### [Work instructions]
Copying starts at the line containing "Brain Oscillations, Synchrony" and stops after the last line of the records; each line is repeated exactly, and pictures are skipped.

### [Material shown]
:::::

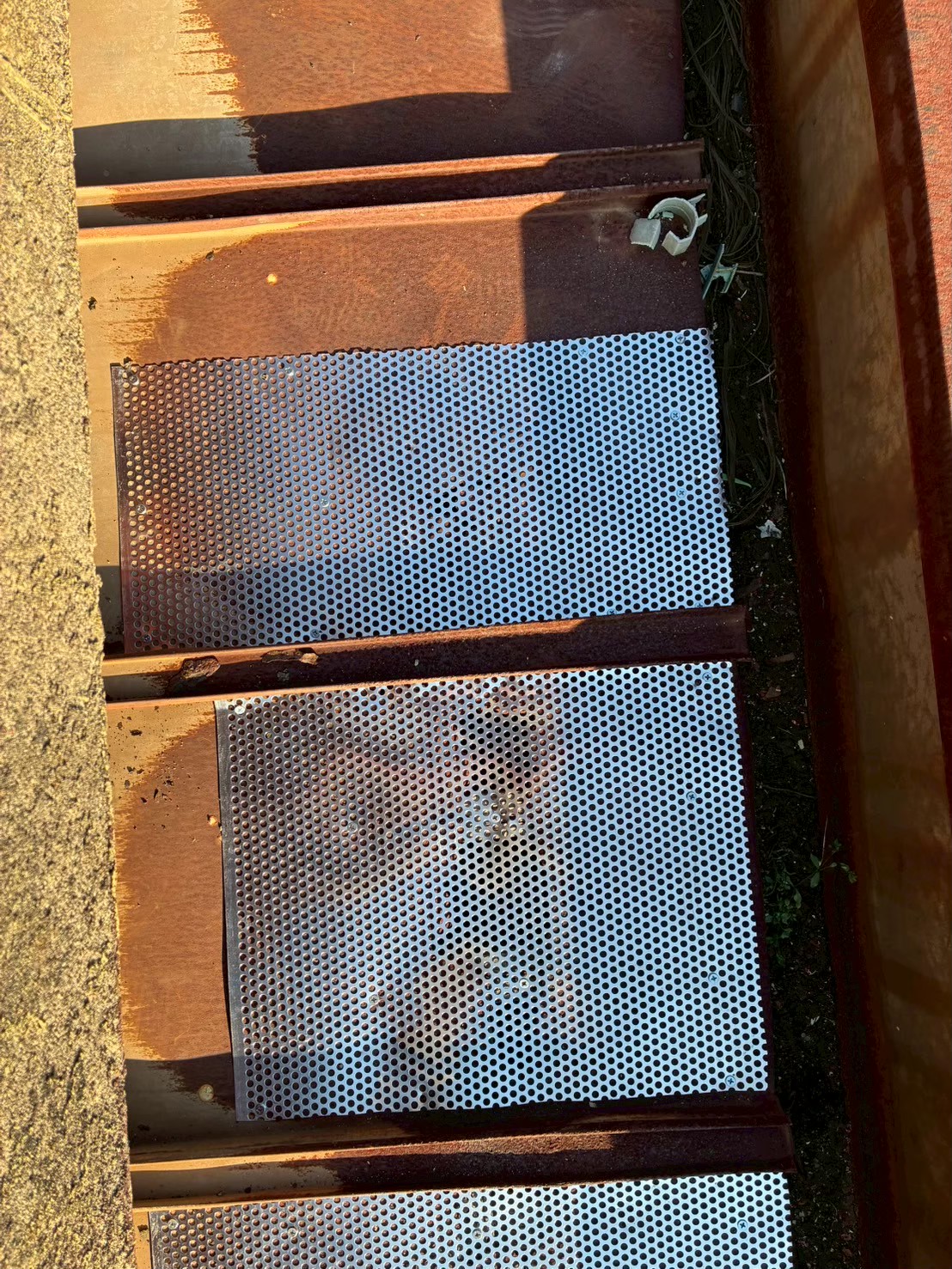 佐賀県鳥栖市　アライグマによる被害　H様邸　駆除実績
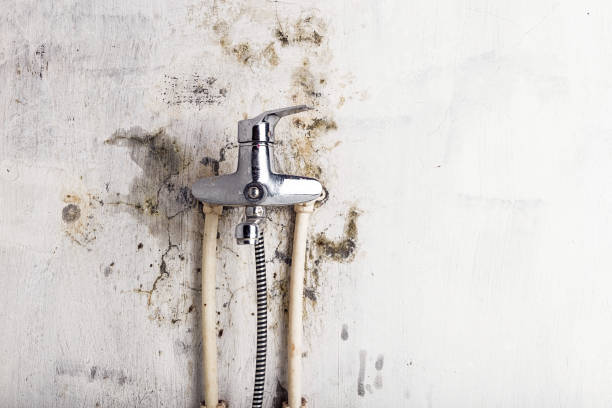 Best Professional Mold Removal  in Stewartstown, PA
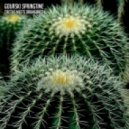 Gourski - Springtime (Original mix)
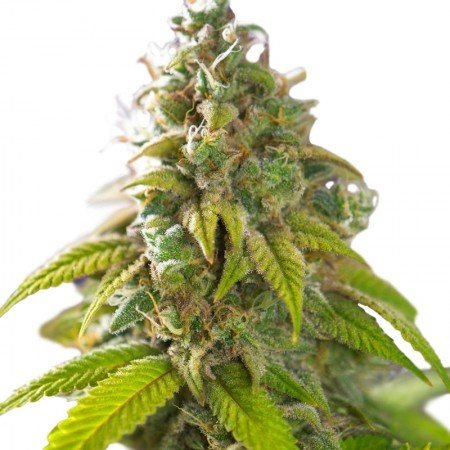 Lemon Thai Feminized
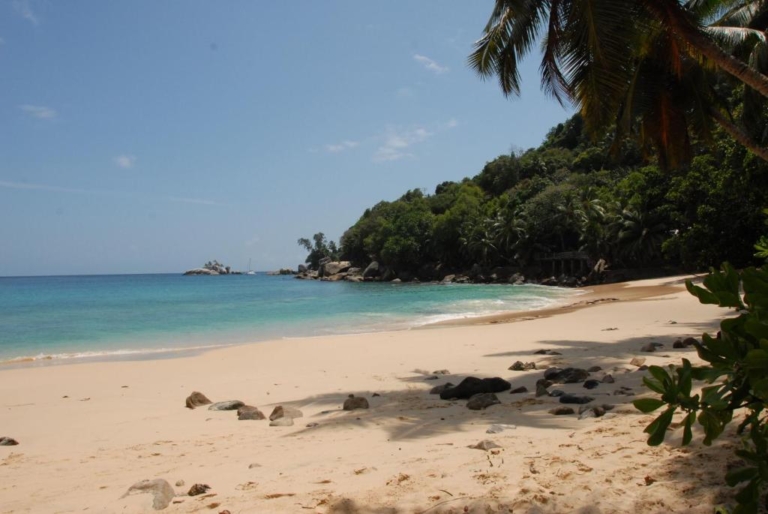 Seiten 8 41314806 768x514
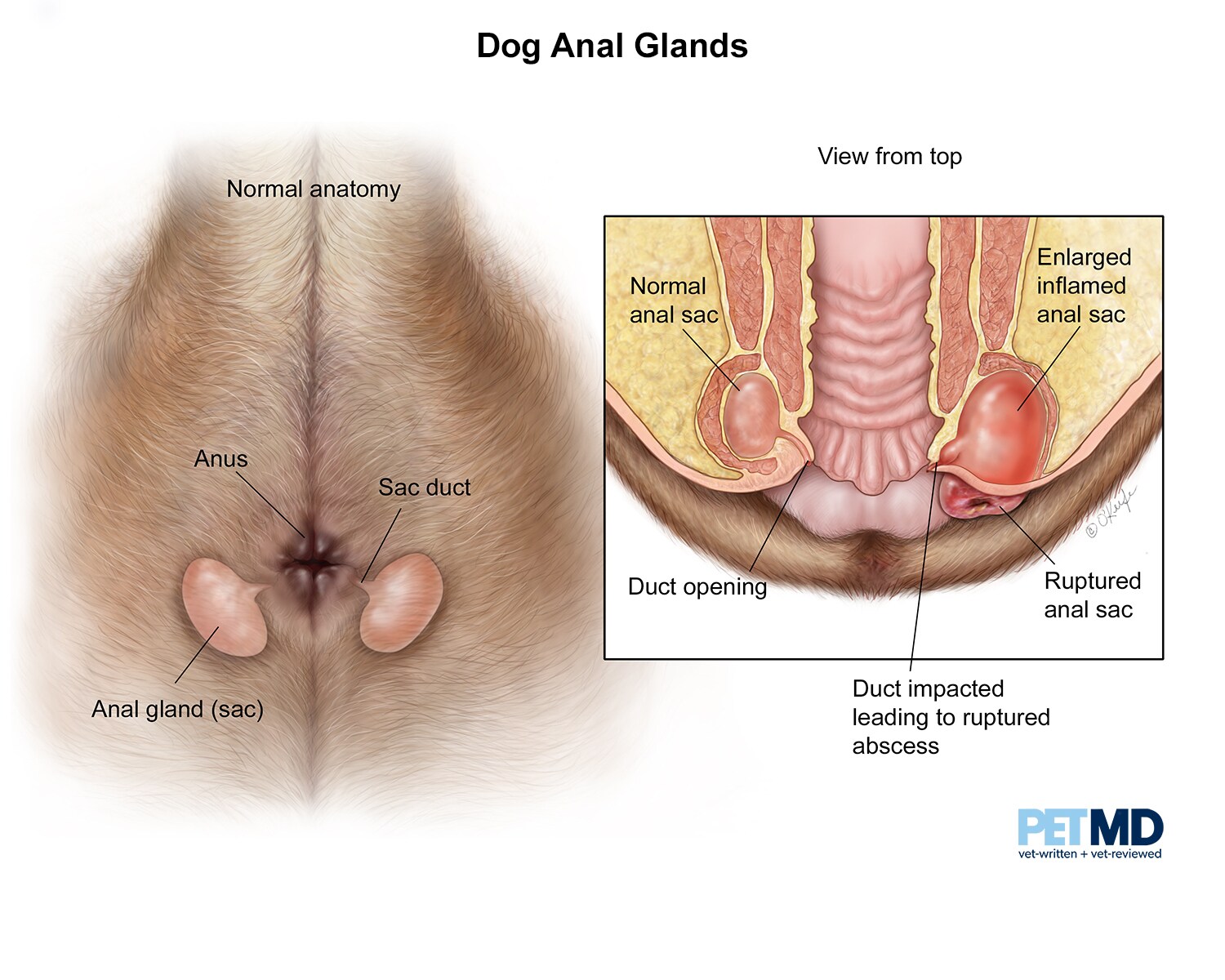 狗肛腺图片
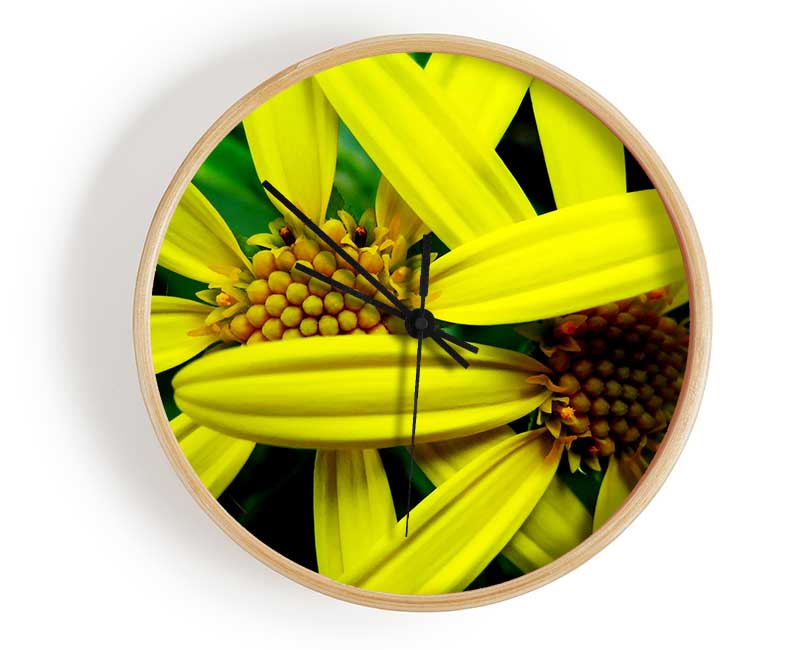 Yellow Star Flowers Clock - Wallart-Direct UK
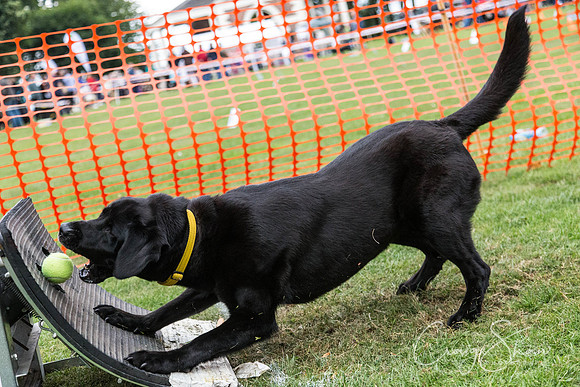 2840_HuddsBarkinthePark2013_bluplanetphoto__D8Q7582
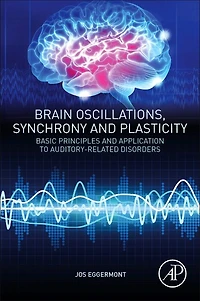 Brain Oscillations, Synchrony and Plasticity: Basic Principles Application to Auditory-Related Disorders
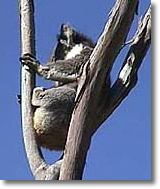 OZe Wildlife - Accommodation Australia 2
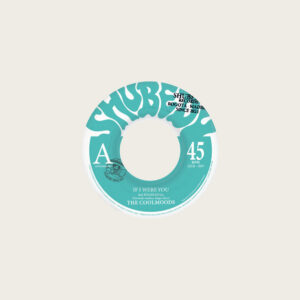 Coolmoods, The feat. Roger Rivas – If I Were You / 301 7"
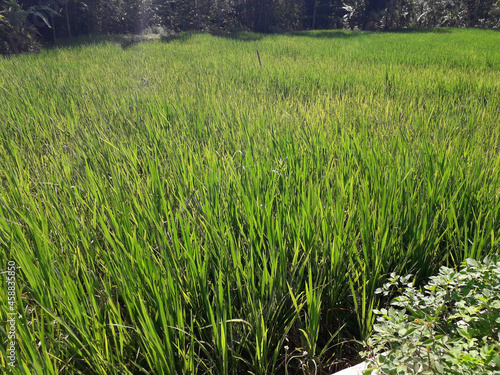 Green rice field beeing exposed to the sun photo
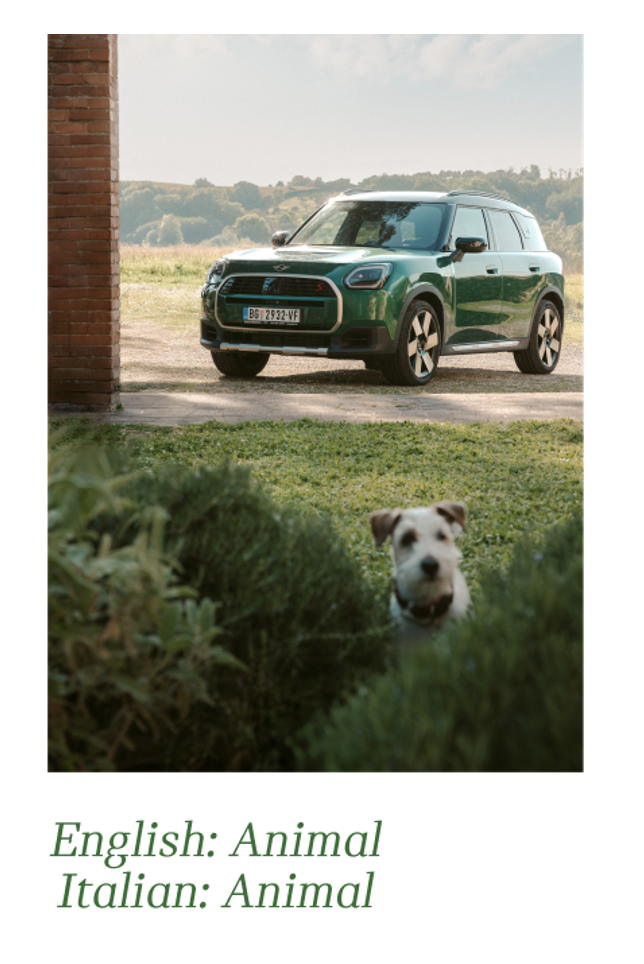 Screenshot 2026-02-02 at 4.06.00 PM.png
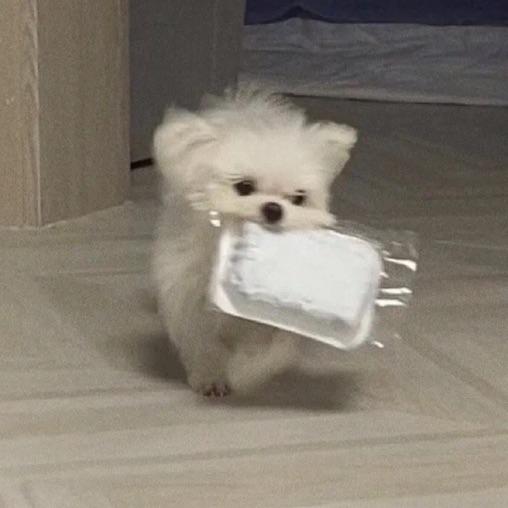 徐安ต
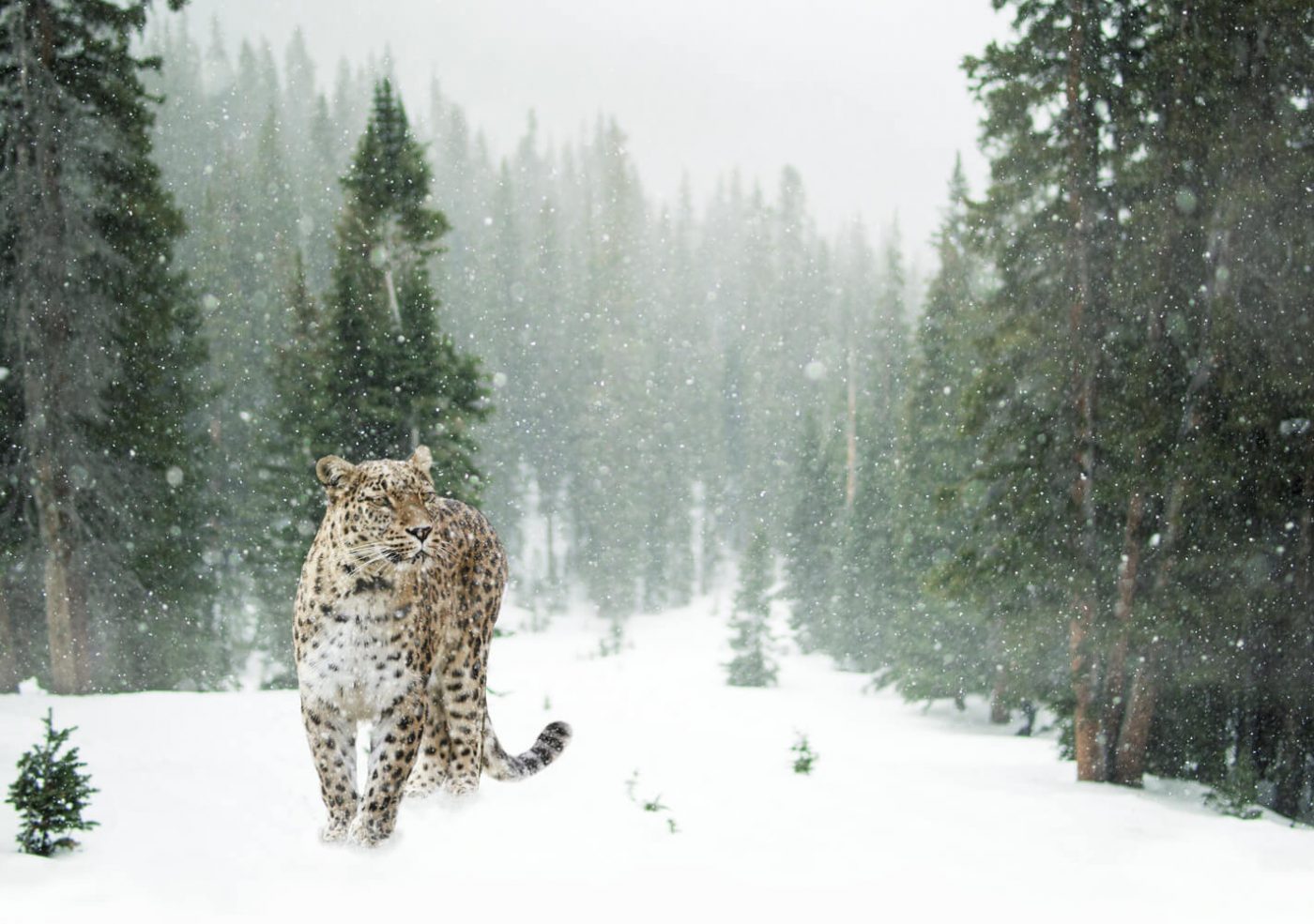 Snow leopard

:::::

### [Response box]
 Brain Oscillations, Synchrony and Plasticity: Basic Principles Application to Auditory-Related Disorders
 OZe Wildlife - Accommodation Australia 2
 Coolmoods, The feat. Roger Rivas – If I Were You / 301 7"
 Green rice field beeing exposed to the sun photo
 Screenshot 2026-02-02 at 4.06.00 PM.png
 徐安ต
 Snow leopard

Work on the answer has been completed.